Chapter 276

The dream begins like sinking.
I don’t fall into it—I’m drawn, slow and soundless, deeper and deeper, like the gravity of the sea has found my bones and claimed me as its own. The kind of descent that doesn’t feel like falling, but returning. As if this place has been waiting for me.
There’s no resistance. No fear. Just silence. And the feeling of pressure building all around me, soft but relentless, like a presence wrapping itself around my skin.
When my feet find ground again, it isn’t sand or seabed—it’s smooth, cool stone, shimmering with lichen and mineral veins that pulse with faint inner light. I’m standing in the heart of something ancient. A chamber carved into the ocean’s bones, vast and hollow, echoing with the low thunder of water cascading from the ceiling far above.
Silver ribbons of waterfall plunge down sheer cliff walls, glittering as they fall into the crystal-clear pool that surrounds a singular, colossal structure in the center.
A mountain of Darklite.
It rises from the water like a monument, black-veined and glimmering, a pulsing beacon in the dim. It’s not carved or constructed. It grew. Breathed. Waited. It hums, not with menace, but with gravity—some sound beneath sound, a pull not just on the body but the spirit.
Not in the way that dreams usually do—like a place I’ve passed through in another life—but like something that belongs to me. Or I to it.
It draws me closer. I move barefoot through the shallows, my steps soundless. The water is cold but not biting—it cradles my ankles, almost reverent. My dream-self doesn’t hesitate. She knows this place. She kneels at the water’s edge, places both hands against the crystal’s smooth, radiant surface.
It glows under my touch.
A warmth rises from within the Darklite, diffusing through my fingertips. The light flickers across the chamber, throwing shadows that dance with memory. I see flashes—celebrations, rituals, faces blurred with time but etched with emotion. Laughter, tears. Not mine. Not quite. But familiar.
The realization comes like breath: I’m communing with it. Not a weapon. Not a resource. Something sacred. Something living.
And whatever is inside it—
The crystal clears like mist receding from glass.
A shape begins to form. A human shape.
A woman.
Fair skin. Blonde hair like sun-bleached reeds.
My breath catches.
Lily.
Or someone who wears her face.
Dream Lily. Trapped in the heart of the crystal, serene and still, her eyes closed in an expression of peace. She floats there like a relic, preserved in ice.
Then her eyes snap open.
And everything changes.
Her face contorts—not with confusion, but fury. The kind that comes from betrayal. Her mouth opens in a silent scream. The light in the cavern turns sickly—bruised purple and violent red, bleeding through the silver glow of the waterfalls. The water ripples outward from the Darklite, thickening like oil.

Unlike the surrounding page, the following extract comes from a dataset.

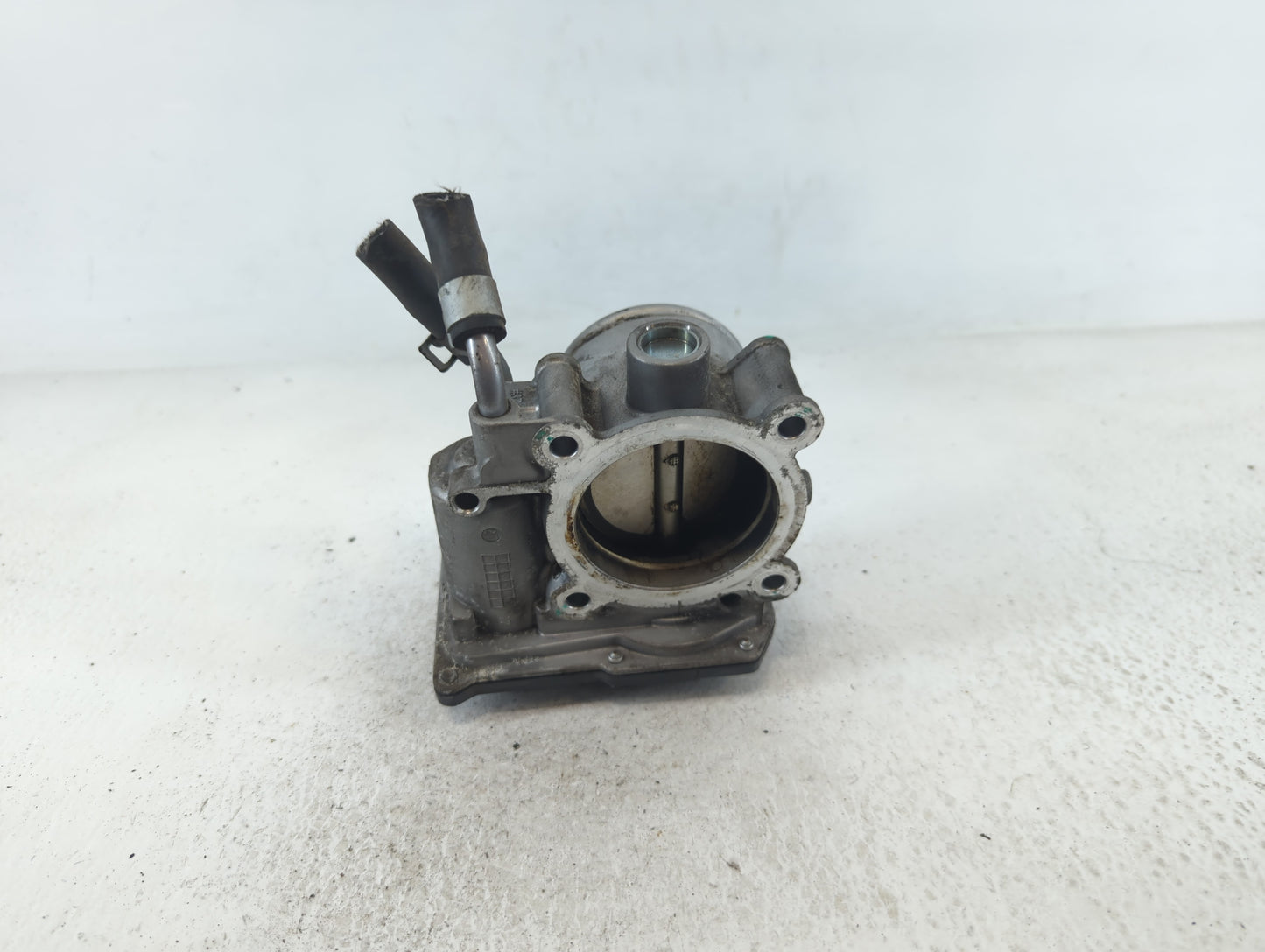 2011-2020 Hyundai Elantra Throttle Body P/N:35100-2E000 Fits Fits 2011 2012 2013 2014 2015 2016 2017 2018 2019 2020 2021 OEM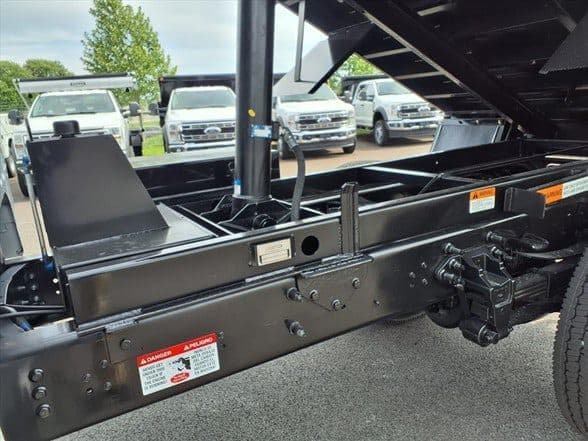 2027 Ford F750 SD image 13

The ground shudders beneath me.
The crystal starts to vibrate.
No longer pulsing with warmth—but with activation. Awakening.
“What—” I start, but my voice is swallowed by the rising pitch of the air, a keening noise like something old and angry waking from centuries of sleep.
The water turns violent.
A spiral forms, dragging everything toward the Darklite. I try to back away, but my limbs won’t obey. My body locks, my feet rooted. A magnetic pull stronger than gravity itself begins to tear at my edges.
Then the pain begins.
It’s not pain like a wound. It’s pain like being unraveled. My fingers crackle and dissolve, turning into crystalline dust that shimmers as it scatters into the whirlpool. My arms follow. My chest. My screams are soundless, consumed by the vortex.
I don’t disintegrate. I’m claimed.
Piece by piece, I’m drawn into the heart of the Darklite.
Then—darkness.
A void of everything. No up, no down. No light. No air.
No self.
But I know I’m not gone.
I’m aware. Slipping, but still present. A ghost of thought. A consciousness caught between pulses of time.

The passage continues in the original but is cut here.